Whenever we want to do something with our llamas or alpacas─start training, take a hike, go packing, visit a nursing home, participate in a show or parade─our most important pieces of equipment for directing and controlling our llama or alpaca are the halter and lead rope. Lamas, both llamas and alpacas, are wonderfully sensitive, particularly about the head; and with a properly adjusted halter and light-handed training, they will respond to very subtle commands. So, if this is our goal, how should the halter fit, both for the comfort of the lama and our easy communication and control?
FIT: The first consideration in fitting and adjusting the lama’s halter must be the lama’s comfort. Here are three essential considerations:
It is well known that llamas and alpacas have very short nose bones. Therefore, the nose band must be set to rest high on the nose so there will be no pressure on the cartilage below the end of the noseband.
It is also well recognized that a lama needs to be able to bring up its cud and chew comfortably, without any chafing on the lower jaw from the noseband or uncomfortable pressure on the nose bone.

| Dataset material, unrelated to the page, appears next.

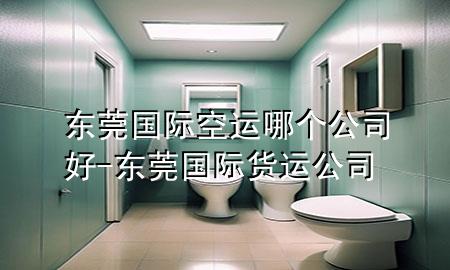 东莞国际空运哪个公司好-东莞国际货运公司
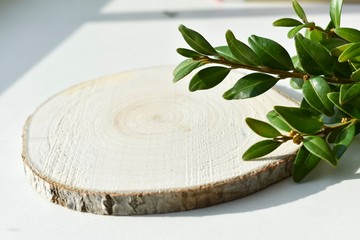 Wooden stand with green branches in the background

The third consideration, not often recognized, is that if the lama needs to wear the halter for a long period, as when packing or on a long trip for transportation, it may yawn, in which case it needs to open its mouth quite wide and should not have the halter restrict that relaxing gesture.
Test the Fit: First, be sure the noseband rests high enough on the top of the nose. Then, being able to insert two or three fingers inside the loop of the noseband under the jaw generally shows that it is large enough to allow comfortable cud-chewing and yawning.

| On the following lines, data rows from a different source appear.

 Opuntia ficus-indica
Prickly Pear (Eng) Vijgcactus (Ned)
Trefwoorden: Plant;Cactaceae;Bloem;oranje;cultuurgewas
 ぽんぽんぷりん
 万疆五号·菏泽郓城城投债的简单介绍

FUNCTION: Examining which parts of the halter convey the essential signals we want to convey to the llama will also affect the halter’s adjustment Signals to indicate forward movement are conveyed most directly from the lead ring through the throat-latch to the top of the head. The best adjustment for the throat-latch is that it fit sufficiently snugly at the throat so it does not pull forward against the lower jaw before transferring the signal to the crown piece passing to the top of the head.
Signals to convey movement to the side and for backing are both conveyed through the noseband, and very subtle and varied movements can be indicated by short, light-handed signals.
SIZING INFORMATION Llama Halters: In all llama styles, Weanling fits youngsters from about 4 to 10 months; Medium fits llamas from about 11 months to adults up to 300 lbs.; Large fits adults from about 300 lbs. and over.